What is being asked: From the first line of the data below, copy each line up to the one containing "Save The Date Calendar Template 2017", and include that line too.

Task data:

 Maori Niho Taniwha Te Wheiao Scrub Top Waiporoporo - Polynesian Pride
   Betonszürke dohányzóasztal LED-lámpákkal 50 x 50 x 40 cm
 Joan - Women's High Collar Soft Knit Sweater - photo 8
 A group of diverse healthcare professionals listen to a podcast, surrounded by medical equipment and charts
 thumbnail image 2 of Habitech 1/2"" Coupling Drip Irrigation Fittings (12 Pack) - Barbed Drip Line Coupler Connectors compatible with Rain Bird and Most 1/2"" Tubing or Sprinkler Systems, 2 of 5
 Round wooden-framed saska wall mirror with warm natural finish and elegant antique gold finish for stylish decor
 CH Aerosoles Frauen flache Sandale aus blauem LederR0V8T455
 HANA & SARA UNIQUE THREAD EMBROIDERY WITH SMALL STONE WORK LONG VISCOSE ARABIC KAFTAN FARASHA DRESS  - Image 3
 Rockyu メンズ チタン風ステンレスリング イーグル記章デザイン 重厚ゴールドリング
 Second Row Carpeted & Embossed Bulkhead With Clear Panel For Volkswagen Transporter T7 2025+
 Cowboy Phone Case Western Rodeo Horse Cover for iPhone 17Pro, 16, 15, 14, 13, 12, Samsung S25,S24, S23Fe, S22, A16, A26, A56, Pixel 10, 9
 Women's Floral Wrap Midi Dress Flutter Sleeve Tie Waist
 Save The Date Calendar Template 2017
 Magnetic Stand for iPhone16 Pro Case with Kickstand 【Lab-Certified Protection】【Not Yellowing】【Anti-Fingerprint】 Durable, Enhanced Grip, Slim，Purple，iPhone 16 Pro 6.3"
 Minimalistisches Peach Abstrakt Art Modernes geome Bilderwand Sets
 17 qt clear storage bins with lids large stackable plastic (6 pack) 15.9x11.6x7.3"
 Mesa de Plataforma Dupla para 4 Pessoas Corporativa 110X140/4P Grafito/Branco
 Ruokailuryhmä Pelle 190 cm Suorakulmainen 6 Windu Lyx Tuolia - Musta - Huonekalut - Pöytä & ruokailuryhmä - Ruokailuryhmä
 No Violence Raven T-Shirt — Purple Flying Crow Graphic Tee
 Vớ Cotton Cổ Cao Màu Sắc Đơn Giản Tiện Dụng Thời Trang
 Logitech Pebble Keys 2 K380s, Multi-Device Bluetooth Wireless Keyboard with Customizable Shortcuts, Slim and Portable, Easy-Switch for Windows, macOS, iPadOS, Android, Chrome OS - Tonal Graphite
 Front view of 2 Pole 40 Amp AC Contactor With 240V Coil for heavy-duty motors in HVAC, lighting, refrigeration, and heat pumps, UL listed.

Final answer:
 Maori Niho Taniwha Te Wheiao Scrub Top Waiporoporo - Polynesian Pride
   Betonszürke dohányzóasztal LED-lámpákkal 50 x 50 x 40 cm
 Joan - Women's High Collar Soft Knit Sweater - photo 8
 A group of diverse healthcare professionals listen to a podcast, surrounded by medical equipment and charts
 thumbnail image 2 of Habitech 1/2"" Coupling Drip Irrigation Fittings (12 Pack) - Barbed Drip Line Coupler Connectors compatible with Rain Bird and Most 1/2"" Tubing or Sprinkler Systems, 2 of 5
 Round wooden-framed saska wall mirror with warm natural finish and elegant antique gold finish for stylish decor
 CH Aerosoles Frauen flache Sandale aus blauem LederR0V8T455
 HANA & SARA UNIQUE THREAD EMBROIDERY WITH SMALL STONE WORK LONG VISCOSE ARABIC KAFTAN FARASHA DRESS  - Image 3
 Rockyu メンズ チタン風ステンレスリング イーグル記章デザイン 重厚ゴールドリング
 Second Row Carpeted & Embossed Bulkhead With Clear Panel For Volkswagen Transporter T7 2025+
 Cowboy Phone Case Western Rodeo Horse Cover for iPhone 17Pro, 16, 15, 14, 13, 12, Samsung S25,S24, S23Fe, S22, A16, A26, A56, Pixel 10, 9
 Women's Floral Wrap Midi Dress Flutter Sleeve Tie Waist
 Save The Date Calendar Template 2017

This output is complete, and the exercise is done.